**The task**
Please copy out all lines of the entries that contain the word "Amsterdam".

**Provided material**
· · · · · · ·
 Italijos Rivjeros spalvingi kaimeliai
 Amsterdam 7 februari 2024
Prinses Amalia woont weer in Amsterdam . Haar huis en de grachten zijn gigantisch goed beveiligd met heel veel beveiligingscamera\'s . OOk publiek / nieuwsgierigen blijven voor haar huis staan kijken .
· · · · · · ·
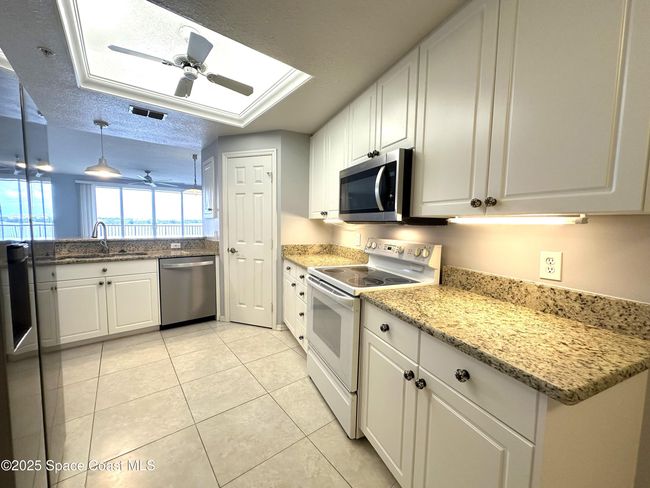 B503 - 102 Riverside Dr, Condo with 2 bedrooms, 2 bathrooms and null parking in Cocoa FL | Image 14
· · · · · · ·
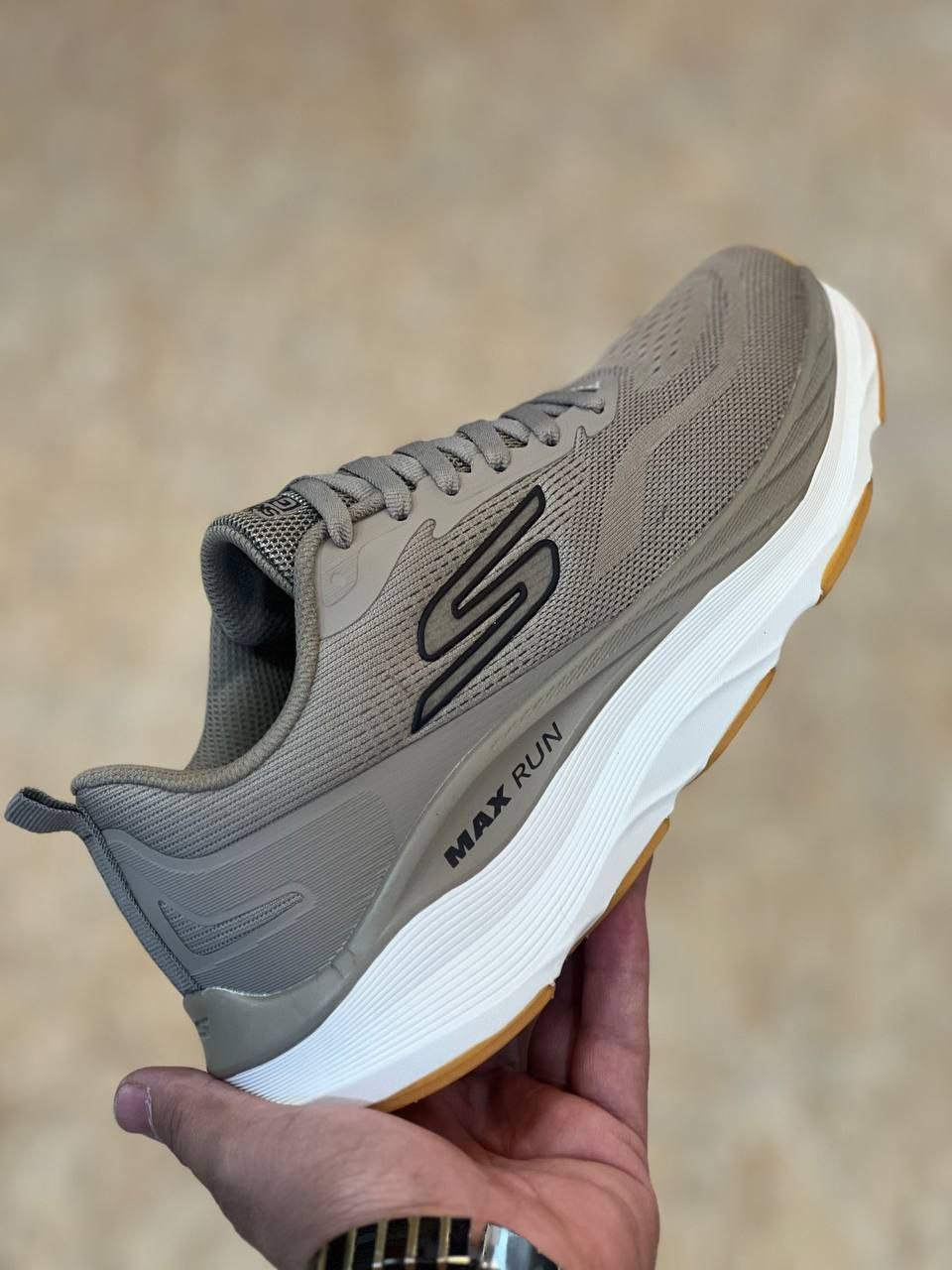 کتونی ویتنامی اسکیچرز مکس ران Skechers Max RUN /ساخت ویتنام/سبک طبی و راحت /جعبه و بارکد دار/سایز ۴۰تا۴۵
· · · · · · ·
**Exercise answer**
 Amsterdam 7 februari 2024
Prinses Amalia woont weer in Amsterdam . Haar huis en de grachten zijn gigantisch goed beveiligd met heel veel beveiligingscamera\'s . OOk publiek / nieuwsgierigen blijven voor haar huis staan kijken .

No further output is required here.